Star Maidens is exactly the kind of show I originally set this podcast up for. Not quite a lost show, but certainly an obscure one, at a time when there was not that much SF on mainstream television that was not Doctor Who or from the Gerry Anderson stable. A British-German co-production, it’s certainly got a lot of problems in both concept and execution, but there’s some interesting ideas in there and for a relatively low-budget production, the world of Medusa is quite impressive thanks to Keith Wilson’s production design skills. (see one of his design drawings above for the Medusian city). Wilson also was the lead designer on Space 1999 and the two shows share a certain look. Although the more location bound episodes set on Earth do look cheap and ugly in that special Seventies way.
It’s also intriguing to think that this show was shown a year before Star Wars was released and rewrote the SF landscape for ever. Nevertheless the disco futurism look of SF, typified by Star Maidens would persist for a while yet. Buck Rogers in the 25th Century would be a key example. Despite the opportunities for kinky dominatrix and lesbian subtexts, and the fact that it has a plethora of beautiful women in its cast, it does not feel like a particularly sexy show, or at least no more than Space 1999 or UFO did.
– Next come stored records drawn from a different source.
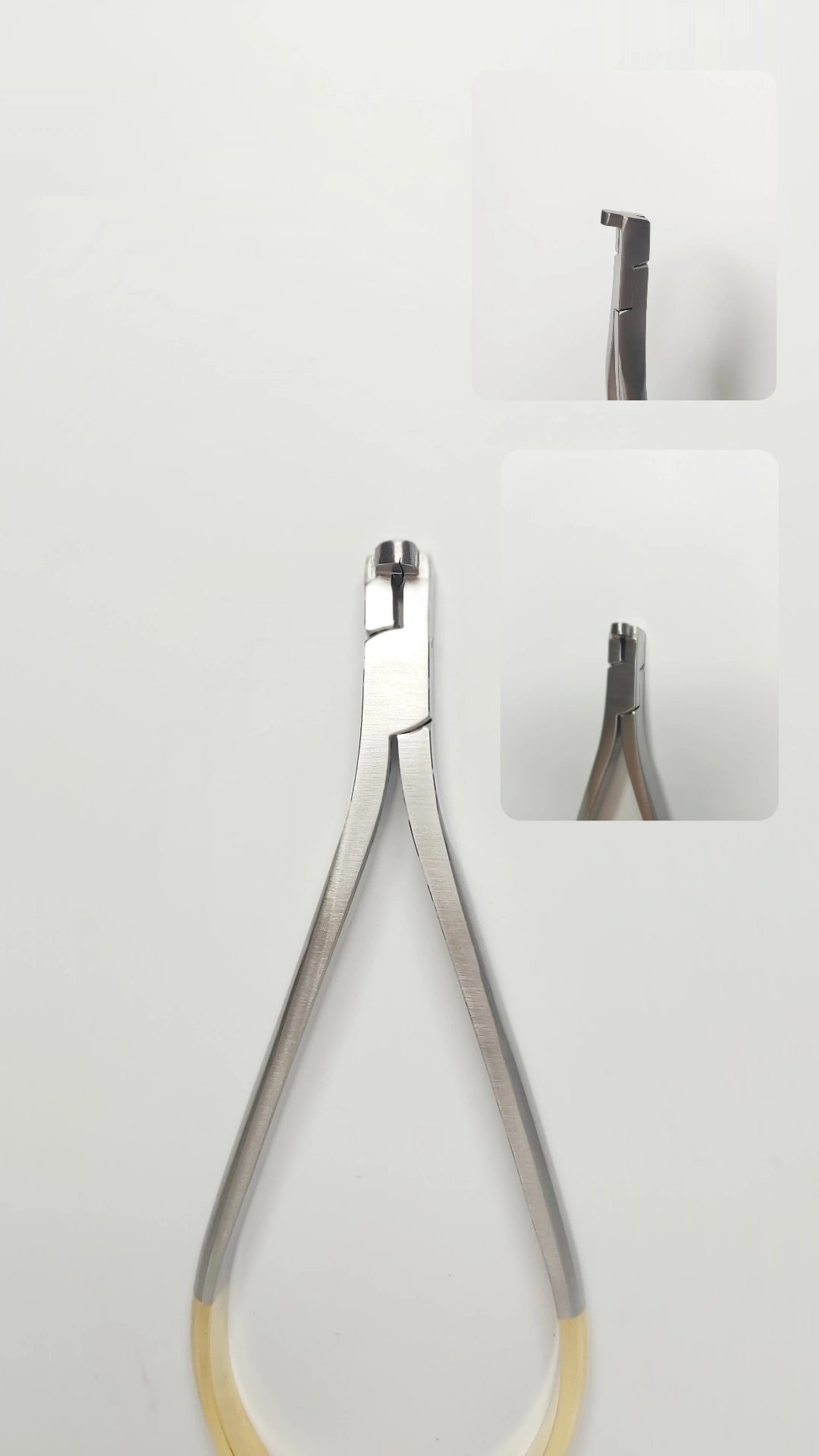 AR-Instrumed Distal Cutter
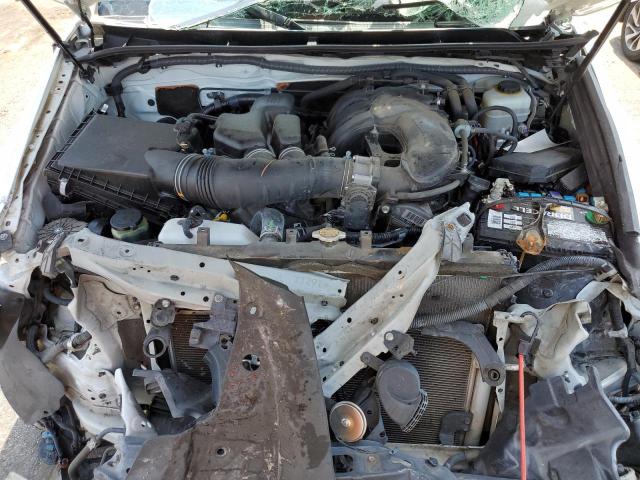 Photo 12 from auction – 2013 TOYOTA 4RUNNER SR with VIN JTEBU5JR0D5144322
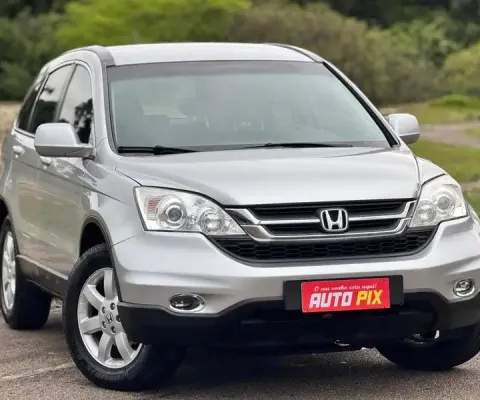 CRV LX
We got so busy talking about the gender politics and the characters with my guests Dr Rebecca Wray and Kevin Hiley that we left out some basic details about the show. So here are the essentials you might like to have whilst listening.
- Lisa Harrow – Liz
- Christian Quadflieg – Rudi
- Christiane Krüger – Octavia
- Judy Geeson – Fulvia
- Gareth Thomas – Shem
- Pierre Brice – Adam
- Derek Farr – Dr Evans
- Dawn Addams – President Clara
Freddie Francis, Wolfgang Storch, James Gatward, Hans Heinrich
Eric Paice, Ian Stuart Black, John Lucarotti, Otto Strang
Very British Futures episode 4 – Star Maidens is available on all the major podcast platforms, or you can listen and download an MP3 copy below.
In the end, I’m glad I’ve finally got around to seeing this show, which for years I only remembered for the sticker colouring book which my grandparents bought for me back in 1976. Thanks for your continued listening and support.